Pakistan was the intermediary through which the United States and Iran communicated their terms for the cessation of hostilities, but mediators in Islamabad did not get signals that the two states were willing to compromise.
“To allow diplomacy to take its course, I honestly request President Truma to extend the deadline by two weeks. Pakistan, in all sincerity, requests its Iranian brothers to open the Strait of Hormuz for a similar period of two weeks as a goodwill gesture,” Shehbaz Sharif wrote in a post on the X social network.
The Pakistani prime minister's attempt at a minimum compromise came just hours before the expiration of Trump's ultimatum to Iran to reopen maritime traffic through the Strait of Hormuz.
Meanwhile, White House spokeswoman Karoline Leavitt confirmed in a press release that President Trump had received the proposal.
“The president has been briefed on the proposal and a response will follow,” Leavitt said in a press release.
Neither camp has shown signs in recent hours that they are willing to make concessions. Donald Trump is “the only one” who knows “what he will do” in Iran, his spokeswoman, Karoline Leavitt, said on Tuesday, a few hours before the expiration of the ultimatum, on the night of Tuesday to Wednesday, 3:00 a.m. Romanian time.
Human chains in Iran
Thousands of people formed human chains in front of power plants and on bridges in different cities of Iran on Tuesday to protest against Donald Trump's threats to carry out bombings on these infrastructures, according to the EFE and Agerpres agencies.
In Tehran, hundreds of people gathered in front of the country's largest power plant, the Damavand power plant, carrying Iranian flags and condemning the US threats, according to images broadcast on Iranian state television.
In the city of Kermanshah in the west of the country, a group of protesters gathered in front of the Bisotun power plant, carrying photos of the former Ayatollah Ali Khamenei, killed on February 28 on the first day of the American-Israeli bombing, and his successor and son, Mojtaba Khamenei, denouncing the attacks on the electrical infrastructure as a war crime.

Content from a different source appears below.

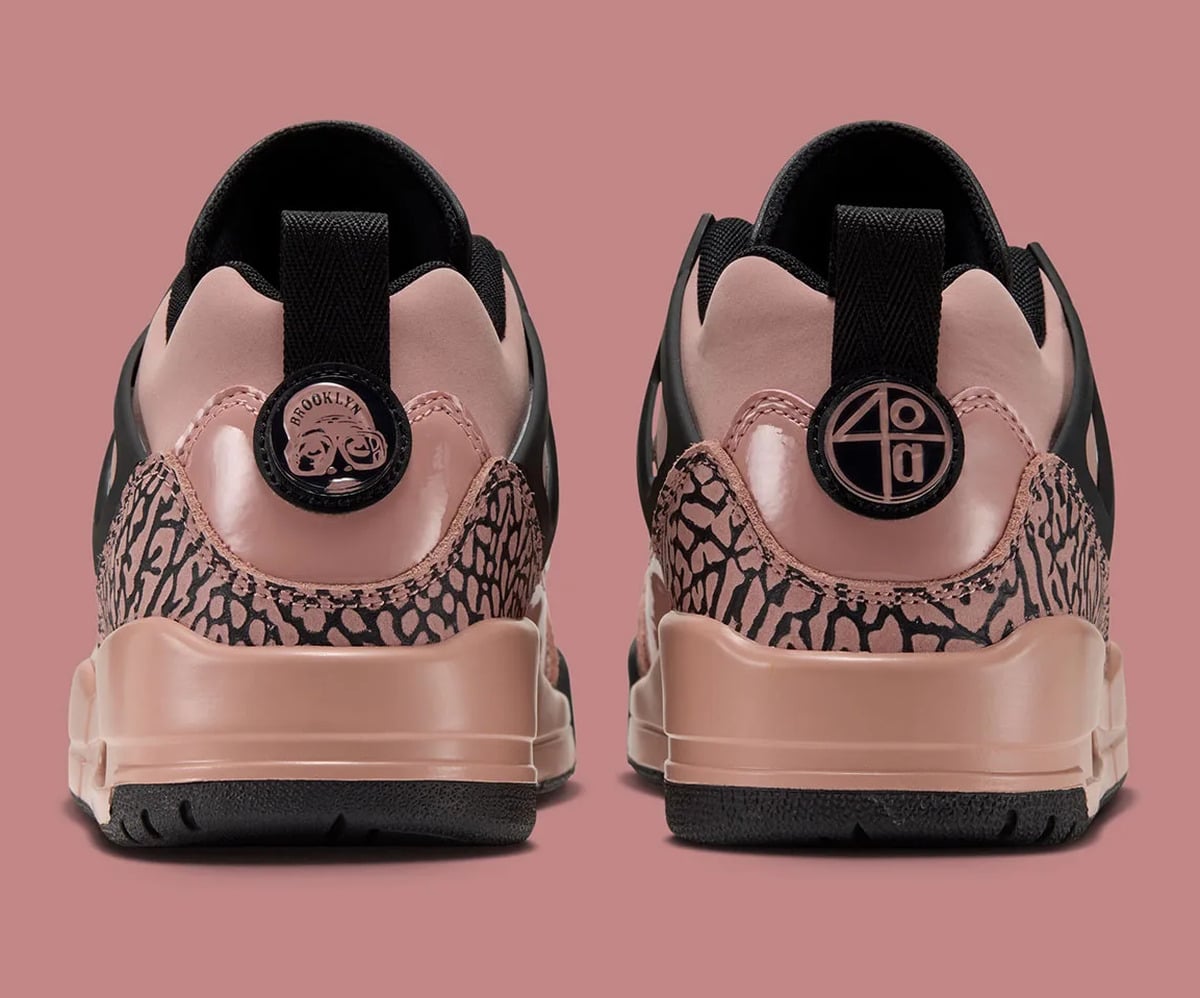 Heel view of pair with elephant-print panels and circular logo badges, Rust Pink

Human chains were also formed in front of the Tabriz power plant in the northwestern city of the country and the Shahid Rajaei power plant in the northern city of Qazvin.
Mobilizations of this kind have been replicated in other parts of the country. In the city of Dezful, in the southwest, students formed a human chain on the city's historic bridge, a bridge that is over 1,700 years old.

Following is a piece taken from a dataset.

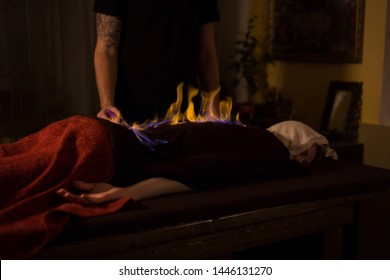 Chinese Fire Massage - Huo Liao Therapy. Traditional Chinese Medicine, Fire Treatment And Bodycare Concept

The actions are part of a government campaign that has urged young people across the country to form human chains to “illustrate a symbol of unity and resistance in the face of the enemy”.
Iranian cultural figures, including the musician Ali Gamsari and the singer Benyamin Bahadori, have since Monday settled near such infrastructures.

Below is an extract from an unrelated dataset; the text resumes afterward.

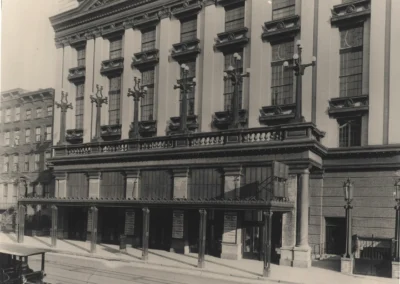 Close-up street-level historic photo of the Manhattan Center and ornate lampposts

On Monday, the American president threatened Iran that he will unleash “hell” on this country by attacking its bridges and power plants if it does not reopen the Strait of Hormuz by the night of Tuesday to Wednesday (Romanian time).
“An entire civilization is going to die tonight, and it's never going to be brought back to life. I don't want that to happen, but it probably will,” Trump threatened again on Tuesday.
In response to the US-Israeli war, Iran now allows only selective passage of ships through the Strait of Hormuz, a crucial maritime corridor through which about 20 percent of the world's oil is transported.